Speaker
Description
The interplay between superconductivity and charge or spin order is a key focus in condensed matter physics, with kagome lattice systems providing unique insights. We discovered that the kagome superconductor LaRu$_{3}$Si$_{2}$ ($T_{c}$ = 6.5 K) exhibits a characteristic kagome band structure and a hierarchy of charge-order transitions at 400 K and 80 K, as well as an additional electronic and magnetic transition at 35 K [1,2]. Furthermore, using magnetotransport and X-ray diffraction under pressures up to 40 GPa, we find $T_{c}$ peaks at 9 K (2 GPa), remains stable up to 12 GPa, and decreases to 2 K at 40 GPa, forming a dome-shaped phase diagram [3]. Similarly, the resistivity anomaly at 35 K and magnetoresistance exhibit dome-like pressure dependence. Above 12 GPa, charge order transitions from long-range to short-range, correlating with $T_{c}$ suppression, indicating superconductivity is strongly tied to the charge-ordered state [3]. Notably, $T_{c}$ is maximized when charge order and normal-state electronic responses are optimized.
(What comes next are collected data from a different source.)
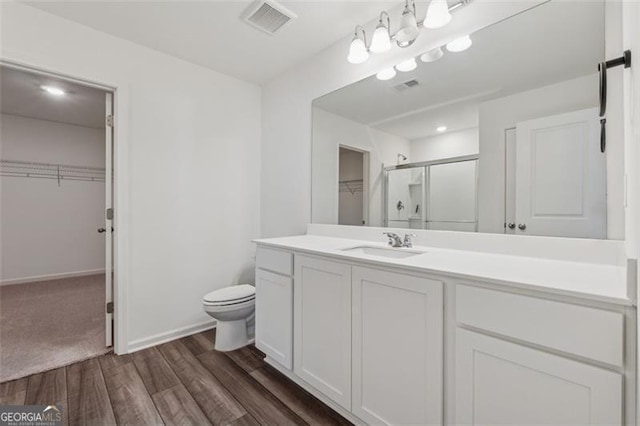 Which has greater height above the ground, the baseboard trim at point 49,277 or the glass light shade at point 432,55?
the glass light shade at point 432,55

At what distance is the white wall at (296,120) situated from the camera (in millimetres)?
1896

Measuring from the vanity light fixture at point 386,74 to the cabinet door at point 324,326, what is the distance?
1272 millimetres

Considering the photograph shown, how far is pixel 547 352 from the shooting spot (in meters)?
0.82

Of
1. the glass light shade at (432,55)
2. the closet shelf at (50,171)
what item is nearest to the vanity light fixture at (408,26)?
the glass light shade at (432,55)

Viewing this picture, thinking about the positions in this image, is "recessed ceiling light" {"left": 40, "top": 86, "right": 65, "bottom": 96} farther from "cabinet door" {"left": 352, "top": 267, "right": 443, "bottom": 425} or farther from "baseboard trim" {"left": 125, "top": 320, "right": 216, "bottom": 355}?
"cabinet door" {"left": 352, "top": 267, "right": 443, "bottom": 425}

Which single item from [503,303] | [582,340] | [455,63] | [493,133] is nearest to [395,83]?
[455,63]

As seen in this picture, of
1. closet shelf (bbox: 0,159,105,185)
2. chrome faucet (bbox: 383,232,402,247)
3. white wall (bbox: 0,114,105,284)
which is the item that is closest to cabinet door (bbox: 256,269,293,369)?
chrome faucet (bbox: 383,232,402,247)

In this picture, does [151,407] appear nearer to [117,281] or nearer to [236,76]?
[117,281]

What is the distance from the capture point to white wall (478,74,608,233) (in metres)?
1.21

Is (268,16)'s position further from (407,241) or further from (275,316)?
(275,316)

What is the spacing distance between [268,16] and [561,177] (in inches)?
74.7

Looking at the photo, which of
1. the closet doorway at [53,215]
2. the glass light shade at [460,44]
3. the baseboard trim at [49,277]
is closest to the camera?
the glass light shade at [460,44]

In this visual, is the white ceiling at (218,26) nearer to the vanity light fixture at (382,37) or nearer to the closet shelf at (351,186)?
the vanity light fixture at (382,37)

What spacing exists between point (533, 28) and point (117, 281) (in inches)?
Answer: 115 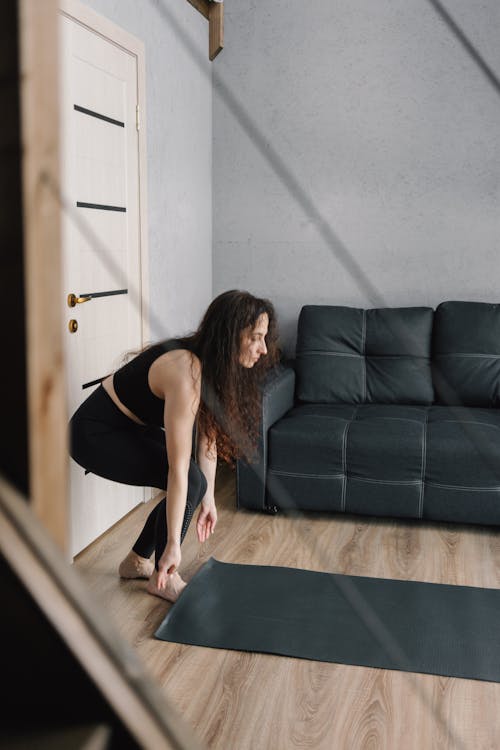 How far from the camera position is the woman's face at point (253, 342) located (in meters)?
2.36

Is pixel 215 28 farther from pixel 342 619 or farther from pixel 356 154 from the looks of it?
pixel 342 619

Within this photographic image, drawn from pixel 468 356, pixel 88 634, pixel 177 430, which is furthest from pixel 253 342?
pixel 88 634

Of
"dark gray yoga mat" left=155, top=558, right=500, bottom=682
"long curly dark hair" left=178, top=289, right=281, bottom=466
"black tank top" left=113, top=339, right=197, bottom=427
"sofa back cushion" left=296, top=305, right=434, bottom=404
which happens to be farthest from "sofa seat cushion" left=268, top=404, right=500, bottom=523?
"black tank top" left=113, top=339, right=197, bottom=427

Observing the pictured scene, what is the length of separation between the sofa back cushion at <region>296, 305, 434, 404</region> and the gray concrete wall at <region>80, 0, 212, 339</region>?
2.38 ft

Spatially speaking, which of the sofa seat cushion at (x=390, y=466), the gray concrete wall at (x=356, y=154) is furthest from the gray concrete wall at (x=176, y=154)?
the sofa seat cushion at (x=390, y=466)

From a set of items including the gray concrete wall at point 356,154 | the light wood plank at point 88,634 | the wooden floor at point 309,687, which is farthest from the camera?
the gray concrete wall at point 356,154

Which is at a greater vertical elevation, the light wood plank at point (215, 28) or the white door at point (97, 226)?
the light wood plank at point (215, 28)

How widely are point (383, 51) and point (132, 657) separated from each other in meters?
4.19

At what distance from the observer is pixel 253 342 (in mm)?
2389

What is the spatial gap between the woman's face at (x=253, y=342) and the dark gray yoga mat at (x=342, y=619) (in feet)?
2.61

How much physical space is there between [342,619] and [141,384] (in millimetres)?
971

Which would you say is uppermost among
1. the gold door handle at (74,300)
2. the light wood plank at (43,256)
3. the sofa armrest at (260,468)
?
the light wood plank at (43,256)

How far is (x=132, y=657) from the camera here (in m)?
0.49

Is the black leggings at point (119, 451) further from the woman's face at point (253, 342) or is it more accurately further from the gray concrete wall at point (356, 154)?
the gray concrete wall at point (356, 154) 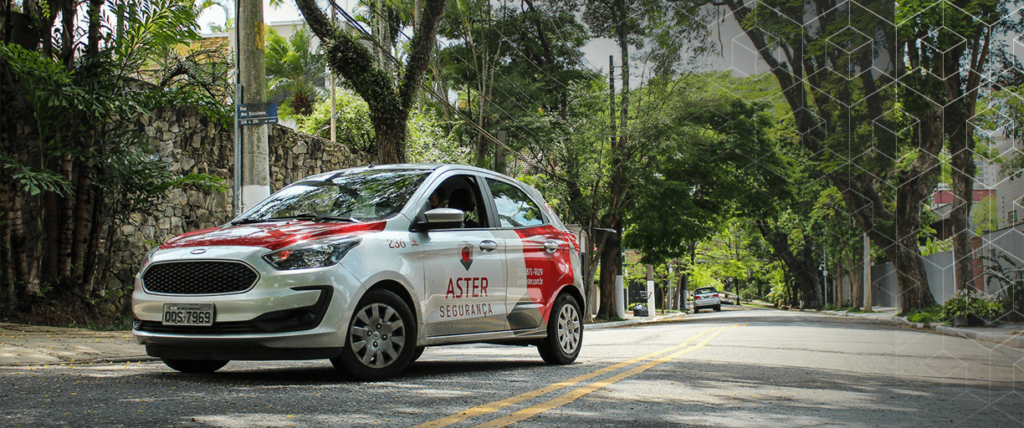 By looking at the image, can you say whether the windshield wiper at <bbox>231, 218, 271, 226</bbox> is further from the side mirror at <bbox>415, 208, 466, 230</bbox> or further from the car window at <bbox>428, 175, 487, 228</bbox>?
the car window at <bbox>428, 175, 487, 228</bbox>

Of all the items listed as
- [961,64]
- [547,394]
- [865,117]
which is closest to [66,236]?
[547,394]

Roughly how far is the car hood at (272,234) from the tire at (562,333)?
243 cm

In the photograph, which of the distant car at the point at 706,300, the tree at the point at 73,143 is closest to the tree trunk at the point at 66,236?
the tree at the point at 73,143

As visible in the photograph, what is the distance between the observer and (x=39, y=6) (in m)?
10.6

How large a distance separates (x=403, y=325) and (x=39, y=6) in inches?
301

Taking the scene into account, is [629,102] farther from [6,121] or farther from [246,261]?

This conclusion is further supported by our uniaxial stress experiments, which reveal an enhancement of both the superconducting transition temperature $T_{c}$ and magnetoresistance [4]. These results offer fresh insights into the relationship between superconductivity and charge order, paving the way for theoretical advancements.
[1] I. Plokhikh et. al., and Z. Guguchia, Communications Physics 7, 182 (2024).
[2] C. Mielke III, et. al., and Z. Guguchia, Advanced Materials 37(40), 2503065 (2025).
[3] K. Ma et. al., and Z. Guguchia, Nature Communications 16, 6149 (2025).
[4] P. Král et. al. and Z. Guguchia, in preparation.